I can no longer resist chiming in; apologies for rambling and for stating what may be obvious.
The IAST scheme is indeed much more widely used, but I am not at all sure if future standards should be based on precedent and if counting the number of existing publications using one standard or another is any help. I think there are two main reasons why IAST is widely used. One, as Harry Spier has pointed out, is that the ISO standards are not openly accessible. Without having any insight into the workings of ISO standards in general, as a layman I find this frankly ridiculous and if Jan Kučera can apply any pressure to change this, this restriction should be lifted. The other principal reason is that characters with an undercircle are supported only by a very small number of fonts, and even some that do support such combinations render them poorly. It is thus much more convenient for everyone, authors to publishers, to stick to underdots (which my spell checker immediately changed to underdogs!).

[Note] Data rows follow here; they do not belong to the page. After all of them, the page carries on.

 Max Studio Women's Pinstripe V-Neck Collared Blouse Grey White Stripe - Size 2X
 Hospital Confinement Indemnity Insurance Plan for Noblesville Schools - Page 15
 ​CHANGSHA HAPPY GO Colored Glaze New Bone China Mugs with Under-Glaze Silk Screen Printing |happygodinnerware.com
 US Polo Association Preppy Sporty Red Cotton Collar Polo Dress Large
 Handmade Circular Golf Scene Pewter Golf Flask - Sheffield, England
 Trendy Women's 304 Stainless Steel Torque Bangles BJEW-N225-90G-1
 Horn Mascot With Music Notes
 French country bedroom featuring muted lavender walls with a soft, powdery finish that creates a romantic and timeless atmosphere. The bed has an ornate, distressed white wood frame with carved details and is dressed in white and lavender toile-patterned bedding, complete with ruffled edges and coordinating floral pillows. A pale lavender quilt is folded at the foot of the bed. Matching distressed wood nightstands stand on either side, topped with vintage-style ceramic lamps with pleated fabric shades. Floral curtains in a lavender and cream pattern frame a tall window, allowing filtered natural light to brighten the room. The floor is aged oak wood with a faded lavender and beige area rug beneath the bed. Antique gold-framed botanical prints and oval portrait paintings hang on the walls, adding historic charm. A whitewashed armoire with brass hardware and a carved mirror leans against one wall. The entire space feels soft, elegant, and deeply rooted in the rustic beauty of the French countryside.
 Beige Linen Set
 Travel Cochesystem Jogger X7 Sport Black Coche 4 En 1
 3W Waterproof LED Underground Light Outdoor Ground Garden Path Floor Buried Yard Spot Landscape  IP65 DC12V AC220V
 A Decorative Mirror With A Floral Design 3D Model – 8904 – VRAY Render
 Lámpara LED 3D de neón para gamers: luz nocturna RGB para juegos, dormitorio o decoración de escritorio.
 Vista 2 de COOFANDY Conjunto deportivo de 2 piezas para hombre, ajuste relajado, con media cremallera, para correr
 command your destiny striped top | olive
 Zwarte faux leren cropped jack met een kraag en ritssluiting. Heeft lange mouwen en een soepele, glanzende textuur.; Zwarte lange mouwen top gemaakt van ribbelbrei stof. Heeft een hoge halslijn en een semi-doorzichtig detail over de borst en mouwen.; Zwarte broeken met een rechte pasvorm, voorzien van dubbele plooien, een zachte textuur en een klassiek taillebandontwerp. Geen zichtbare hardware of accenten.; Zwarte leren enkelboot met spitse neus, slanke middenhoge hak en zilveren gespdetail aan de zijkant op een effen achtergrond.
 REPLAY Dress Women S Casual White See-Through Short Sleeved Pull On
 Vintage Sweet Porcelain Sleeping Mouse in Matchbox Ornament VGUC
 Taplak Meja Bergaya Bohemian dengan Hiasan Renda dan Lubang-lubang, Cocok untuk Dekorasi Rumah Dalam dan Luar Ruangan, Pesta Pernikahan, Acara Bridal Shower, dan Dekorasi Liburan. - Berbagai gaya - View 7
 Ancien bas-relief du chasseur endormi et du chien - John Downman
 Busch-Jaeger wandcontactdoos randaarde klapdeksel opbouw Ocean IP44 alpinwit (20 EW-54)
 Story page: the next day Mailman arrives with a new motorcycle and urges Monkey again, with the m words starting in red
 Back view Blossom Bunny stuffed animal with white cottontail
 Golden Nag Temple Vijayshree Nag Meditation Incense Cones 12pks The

That said, there are good reasons against IAST too, primarily ambiguity. That is to say, R and L with an underdot are suitable for representing vocalic R and L only so long as you are dealing with classical standard Sanskrit. As soon as Vedic enters the picture, you might use l+underdot for the retroflex flap as well as for the vocalic L. The retroflex L is also present in Dravidian languages and Marathi, and in many regional Sanskrit manuscripts and inscriptions. There is also the (different?) retroflex flap used e.g. in Hindi and normally transliterated with r+underdot. According to Wikipedia, IAST uses ḻ (l with line below) for the former kind of retroflex flap and I have no idea if it uses anything for the latter kind. That could work, but then how do we transliterate the retroflex central approximant (ೞ) of some Dravidian languages? One could argue that this is not required, because we are talking about Sanskrit transliteration. But ideally, a transliteration system for Sanskrit ought to be able to transliterate (unambiguously) any language written in a Brāhmī-derived script. With this, I am entering murky waters and I would rather not go much further; it would be too much to hope for a system that can really do this, but perhaps supporting the major modern and premodern languages of South and Southeast Asia is not a dream. It is theoretically also possible to agree on language-dependent standards, as is already the case for instance with e and o, which (in IAST and in a permitted optional variant of ISO15919) represent long vowels in Sanskrit, but short vowels in Dravidian languages. The DHARMA project has chosen to follow (and expand upon) the ISO standard primarily for this reason, because it is better suited for a textual corpus in a variety of languages.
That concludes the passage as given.